Imagine - Rear Cover

So, just after a call from an old friend having more terrible troubles in every arena of her/his life, I went onto AOL to see what is what and hope for, silly me, happier news. And there, peering through binoculars at a table, surrounded by his retinue, was Kim Jong Un, friend of Dennis Rodman engaging in what did the article say in the Huffington Post, "bellicose rhetoric."  He is threatening air strikes against the U.S in response to the U.S. presence this week of B-52s with nuclear capability in his, and I do mean, his alone (in his own mind) air space. Now, I know, maybe about half the country blames the U.S. for any concern about this dictator developing nuclear force. Or pooh pooh's it. Surely, Kim wouldn't USE it to start a war? No one is that crazy?

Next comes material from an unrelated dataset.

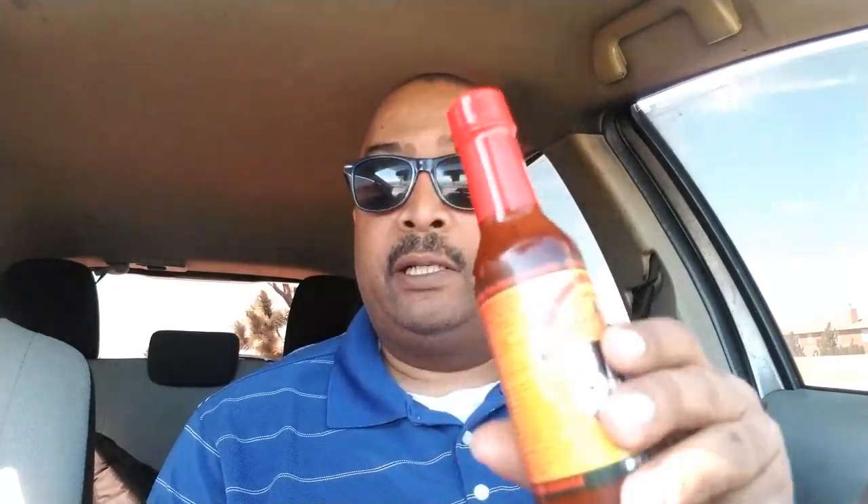When you watch that show you want to try those hot sauces, so I went and ordered a bunch of them. Today we're gonna start off with Mad Dog 357, and I'll have a couple other videos where I talk about some of the other hot sauces from that show. Anyway, I'm gonna put down my cigar, open this thing up, and get it over with.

Remember Hitler? He only wanted Poland. And the smart politicians of the day thought that would be enough. This is merely a preamble, for I know the objections and counter objections that the liberal and conservative (my inclination) would lob at one another and that is not precisely how John Lennon got into all this, although he'd be on the liberal side of this debate, probably more distinctly left f it.

No, the quick thought I had as I looked at the AOL snap was of the song "Imagine", by Mr. Lennon, whose musical abilities I admired enormously. I even like the song. I have found myself singing along in the car until I realize that I don't buy a word of it.

According to the song, which has become a kind of anthem to many, without religion, the world would be a much better place. We'd would not covet and war.

Correct me, if I am wrong, but Kim Jung Un presides over an atheistic country and society. He is absolute ruler and tyrant of that place and if he had nuclear weapons, he'd lob 'em freely. He would not have the kind of conscience that afflicted Truman and company when they used ours to ST\OP  a war, and being the only ones with that horrible weapon, DID NOT use it to take over the world (as we are so often pictured trying to do), but rather sought to help to rebuild the war destroyed places of the former enemy.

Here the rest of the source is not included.